In Sonoda v. Cabrera, 1997 MP 5, 5 N. Mar. I. 57, this Court considered the constitutionality of an executive order transferring a number of government positions out of the civil service system, thereby making the employees in those positions directly accountable to the governor. Under Article XX of the Commonwealth Constitution the legislature has the authority to exempt government employees from the civil service system. Pursuant to that authority, the legislature established twelve exempt positions. See 1 CMC § 8131. In Sonod, the governor attempted to add an additional group of employees to the exemption list. 1997 MP 5 P 6, 5 N. Mar. I. 57. The plaintiff in that case argued that the executive order directly conflicted with Article XX. This Court agreed, holding that while the governor has broad authority under Article III § 15 to reorganize the departments within the executive branch for the purpose of efficient administration, that power cannot conflict with another constitutional entity's functions. Id. P 7 ("While this Court recognizes that the Governor may reallocate offices for 'efficient administration' subject to Legislative approval . . . , the Executive may not create a system whereby employment positions would be created and appointed at his pleasure. The Governor lacks the authority, under the Constitution, to appoint such positions.").

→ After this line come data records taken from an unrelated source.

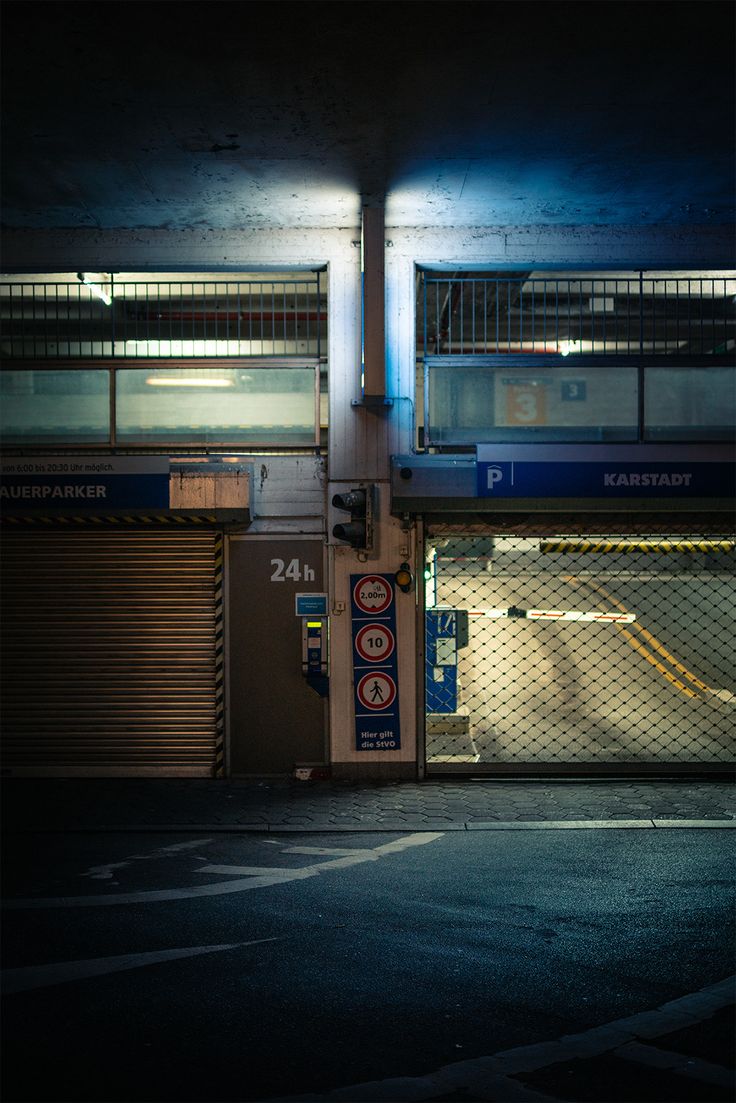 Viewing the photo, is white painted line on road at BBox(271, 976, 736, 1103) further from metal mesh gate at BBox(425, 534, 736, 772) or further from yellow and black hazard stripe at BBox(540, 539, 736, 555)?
yellow and black hazard stripe at BBox(540, 539, 736, 555)

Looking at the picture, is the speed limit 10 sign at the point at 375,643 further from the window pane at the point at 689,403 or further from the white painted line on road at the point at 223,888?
the window pane at the point at 689,403

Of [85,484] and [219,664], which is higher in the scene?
[85,484]

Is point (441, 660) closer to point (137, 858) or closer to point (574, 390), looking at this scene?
point (574, 390)

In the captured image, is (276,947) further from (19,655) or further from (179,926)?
(19,655)

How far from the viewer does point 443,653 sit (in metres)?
12.2

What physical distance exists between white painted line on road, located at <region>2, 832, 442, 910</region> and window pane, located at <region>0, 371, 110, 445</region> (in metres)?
6.37

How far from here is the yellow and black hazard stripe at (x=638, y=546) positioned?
12148mm

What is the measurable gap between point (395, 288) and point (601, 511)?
3.59m

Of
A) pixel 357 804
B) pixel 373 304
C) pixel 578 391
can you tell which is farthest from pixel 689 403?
pixel 357 804

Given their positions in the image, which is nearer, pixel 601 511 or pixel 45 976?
pixel 45 976

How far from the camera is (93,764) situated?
12.0 metres

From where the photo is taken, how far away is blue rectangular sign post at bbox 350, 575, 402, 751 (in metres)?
11.7

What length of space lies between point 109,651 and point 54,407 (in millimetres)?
3109

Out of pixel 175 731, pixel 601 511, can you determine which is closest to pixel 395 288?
pixel 601 511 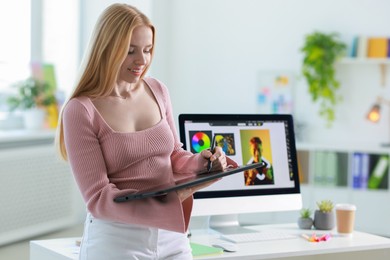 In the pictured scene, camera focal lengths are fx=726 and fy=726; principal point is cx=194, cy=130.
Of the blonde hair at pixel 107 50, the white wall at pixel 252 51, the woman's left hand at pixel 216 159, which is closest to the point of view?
the blonde hair at pixel 107 50

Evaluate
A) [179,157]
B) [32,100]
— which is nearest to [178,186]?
[179,157]

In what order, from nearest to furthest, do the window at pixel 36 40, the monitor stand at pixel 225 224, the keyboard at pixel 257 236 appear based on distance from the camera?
1. the keyboard at pixel 257 236
2. the monitor stand at pixel 225 224
3. the window at pixel 36 40

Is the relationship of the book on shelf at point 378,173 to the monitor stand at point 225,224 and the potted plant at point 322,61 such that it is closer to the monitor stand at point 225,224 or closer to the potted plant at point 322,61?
the potted plant at point 322,61

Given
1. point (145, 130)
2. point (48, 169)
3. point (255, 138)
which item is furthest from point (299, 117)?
point (145, 130)

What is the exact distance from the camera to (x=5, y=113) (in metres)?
5.78

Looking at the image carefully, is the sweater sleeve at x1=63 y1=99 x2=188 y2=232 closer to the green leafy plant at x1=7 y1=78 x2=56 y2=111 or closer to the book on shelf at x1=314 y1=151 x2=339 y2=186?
the green leafy plant at x1=7 y1=78 x2=56 y2=111

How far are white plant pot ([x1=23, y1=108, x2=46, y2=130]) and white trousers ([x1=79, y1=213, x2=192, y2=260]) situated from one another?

This Court also addressed Article III § 15 in Torres v. Commonwealth Utilities Corporation, 2009 MP 14, 8 N. Mar. I. 264. In that case, the governor issued a series of executive orders transferring the Commonwealth Utilities Corporation ("CUC") to the Utilities Division of the Department of Public Works and then reinstituted CUC as a public corporation, but "reorganized CUC's administration in a way that significantly departed from its original form." Id. P 3. The plaintiffs argued that the executive orders in effect created a new executive department thereby exceeding the governor's reorganization powers under Article III § 15. Id. P 10. This Court agreed. Relying on Sonoda v. Cabrera, the Court stated that "[w]hile Sonoda did not set an exact limit on a governor's power to reorganize the executive branch, it made abundantly clear that a governor could not take on functions that were constitutionally delegated to another branch." Id. P 14 (emphasis added). With this principle in mind, the Court looked to the provision in Article III § 15 that provides "[e]xecutive branch offices, agencies and instrumentalities of the Commonwealth government and their respective functions and duties shall be allocated by law." Id. P 19 (emphasis in original). The Court further stated that "[s]ince Article II vests law-making authority in the legislature, and Article III, Section 15 states that agencies are created 'by law,' the framers of the Constitution likely intended the legislature to be the branch responsible for creating executive branch agencies." Id. In other words, this Court held that notwithstanding the powers granted to the governor in Article III § 15, the governor could not exercise his powers in a way that usurped the functions of another constitutional entity. Id. at § 25 ("a governor does not have the authority [under Article III § 15] to take on functions which are delegated to the legislature by the constitution.").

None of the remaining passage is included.